Counting is a Foundation of Learning
Babies begin to learn counting and comparisons in the first year of life, to help make sense of the world. In the first five years, important developmental milestones involving counting skills can impact everything from language skills and creative problem-solving to music and visual arts. What are some of those milestones? How can we encourage curiosity and counting skills that are an important foundation of learning learning? Here are some ideas:
Ages 0–1: Reciting nursery rhymes or singing songs with repeating lines (such as “One, Two, Buckle My Shoe”) teaches your infant about patterns and introduces the words for numbers. You can even try asking your baby for two of something, or just one. Be sure to reinforce their learning with praise when they succeed — if you teach them, many babies know the difference between one and two by age 1! Just talking to your baby about the world around them — “You have two crackers” or “that building is tall!” — teaches the foundation for future learning.
Ages 1–2: From 12 to 24 months, your child’s understanding of Science, Technology, Engineering, Art and Math (STEAM) concepts grows significantly. Point out shapes, such as the circles in car wheels or triangles on signs, and ask your toddler if they can find another one. Talk about comparisons between things — bigger and smaller, near and far, more and less, inside and outside — and encourage them to make their own comparisons. Sorting is also a great start to STEAM development — point out similar things to your toddler and ask if they can see two rocks that look the same, or find three flowers that are similar.

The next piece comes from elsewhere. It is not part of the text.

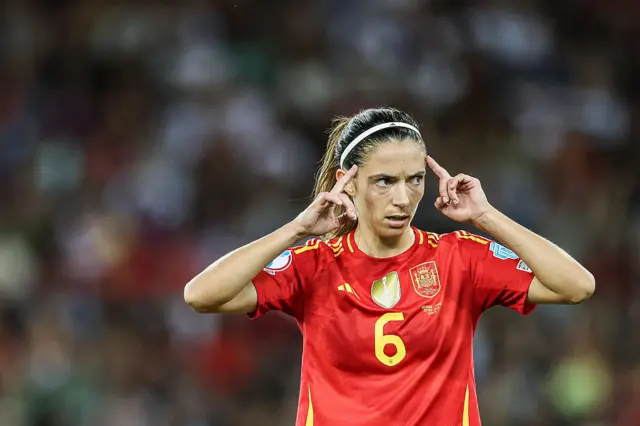 Aitana Bonmati points to head during semi-final against Germany in Euro 2025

Ages 3–5: As your preschooler’s understanding of numbers, shapes and patterns expands, they will begin to be able to do simple addition and subtraction. Build your preschooler’s counting skills at mealtimes — “You have three carrots. How many will you have if you eat one?” — or ask your child to help count/ measure ingredients for a recipe (see the “Recipes to Count On” in this Parenting Guide!) Play can also encourage counting skills — Dancing the Hokey Pokey or playing Simon Says teaches the difference between right and left, hopscotch reinforces number recognition and playing simple card games like “Go Fish” or “Concentration” helps teach numbers and patterns.